May 28, 2024
Class of 2024: Swimming sensation and UCalgary Nursing graduate headed to 2024 Paris Olympics
‘Oh, my goodness, I’m exhausted,” says Rebecca Smith, in an interview just two days after an intense week at Toronto’s Pan Am Sports Centre, May 13 to 19, where she competed in the 2024 Olympic swim trials. She’s perfectly drained both mentally and physically. But this exhaustion is sweet. She’s elated. She made it.
The 24-year-old will be competing at the 2024 Olympic Games in Paris this summer, July 26 to Aug. 11. It won’t be her first rodeo either, as the saying goes. Smith was a silver medallist at the 2020 Olympic Games in Tokyo, competing in the 4x100 metre freestyle relay, the same competition she’s bound for in Paris.
The hardcore training, rigorous and uncompromising, began pretty much immediately after Smith — a two-year member of the UCalgary Dinos women’s swim team and a member of the senior national swim team for Team Canada — received the Olympic qualifying news. Not that she’s ever stopped training for long since she began swimming competitively at the age of eight in Red Deer.
Dinos Athletics
She’s allowing herself a short breather, however, on May 30 so that she can walk across UCalgary’s Jack Simpson stage and proudly collect her Bachelor of Nursing (BN) degree, as part of the spring convocation ceremonies.
Hearing Smith express a moment of exhaustion is almost surprising, because, for an outsider looking in, one would think she was truly tireless, miraculously managing to juggle the full-time demands of her nursing studies and training while competing at the highest level of her sport.
She’s clear that she is not tireless. Just driven, focused, and “really good at time management,” which seems like a terrific understatement.
“Each week I’ll put in eight training sessions in the pool plus three weight training sessions,” says Smith. “On top of that, in nursing I had three three-hour lectures a week and a three-hour lab and then I would do two eight-hour nursing shifts.
“I was running all over the place!”
As with so many of her peers, Smith felt the pressure at midterm time and to get through her studies she pulled many a “late night.” Her version of late wasn’t quite the same as so many of her fellow students, however, who, in that time-honoured tradition of post-secondary education might pull all-nighters to get by.
Courtesy Canadian Olympic Committee
That wasn’t going to work for Smith. To perform at an Olympic level, a solid night’s sleep of at least seven or eight hours is a necessity.
“Midterms are insane, so in those times I might push it and go to bed by about 10:30,” she says. “During a regular week though I’d try to aim for 9:30 at the latest.”
Following the 2020 Olympics in Tokyo, Smith made the leap from the University of Toronto, where she was studying general sciences, to UCalgary, joining the nursing program in 2021.

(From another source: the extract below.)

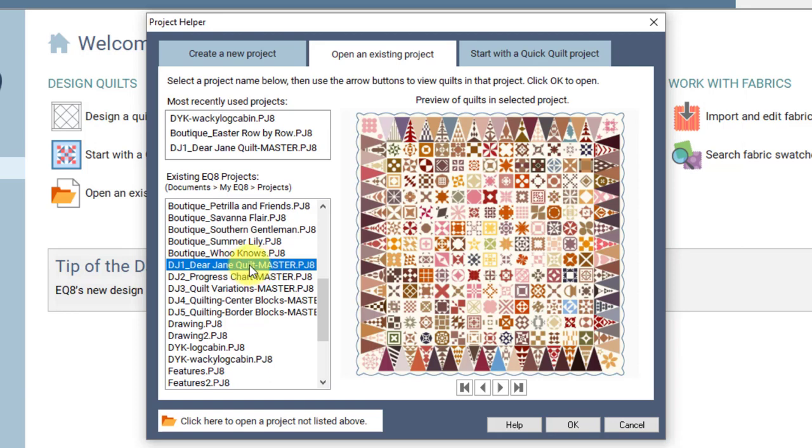So if you did want to open this project you would just click OK and that project would be open. Please watch the other videos to learn more details about opening projects and saving them with a new name.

Nursing had a special calling. “I’ve always wanted to help people ... and before COVID I was actually volunteering in a paediatric unit,” she says. “I saw the work the nurses were doing, and how much time and care they would invest in their patients, and I found it really inspiring. This is what I want to do with my life.”
All the while, as she worked diligently with her nursing studies, Smith continued racking up gold, silver and bronze medals in the likes of the World Aquatic Swimming Championships and Commonwealth Games, competitions that brought her from Australia and Budapest to England and Abu Dhabi.
Courtesy Rebecca Smith
“I definitely couldn’t have done it without the support of the Faculty of Nursing,” she says. “I was blown away with how much they supported this crazy balance between my nursing and swimming lives.”
Some of Smith’s friends and teammates were concerned she was taking on too much. They encouraged her to focus on her swimming and pursue nursing later. The latter would always be there.
“I think I wanted to prove to everybody that it was possible, that I could pursue my education and still compete at an international level,” she says.
“A lot of athletes are lost once their sporting careers end. They don’t know what to do next and it’s quite sad. That’s why I decided to start my education now. I have that Olympic medal. I’ve achieved that goal. I love my sport and I’ve continued with it. But I also wanted to set myself up for life after sports.”
What happens after Paris? Might Smith continue swimming, or end her career on the high note of a second Olympic Games?
“Honestly, I haven’t had to think about it,” she says. “I’m going to enjoy every moment when I’m at the Games and I’ll see how I perform. If I’m satisfied with my performance maybe I’ll decide this is the end of swimming for me, I’ve taken it as far as I can go, and I’ll pursue nursing full time in the fall. But maybe I’ll feel hungry for more and I’ll keep going and I’ll just start nursing on a casual basis.
“I’m living in the moment and I’m so excited about the possibilities.”
Once her Olympic glory is behind her, Smith sees nursing as more than a profession. Rather, it’s the next incredible adventure. “When I began my preceptorship last fall, working in the NICU (neo-natal intensive care unit) we were watching over this little baby, and we weren’t sure the baby would make it. But my last week was in December, and I watched that baby being discharged. I cared for that patient, a human life that had survived, that was thriving.
“Is there anything more rewarding than that?”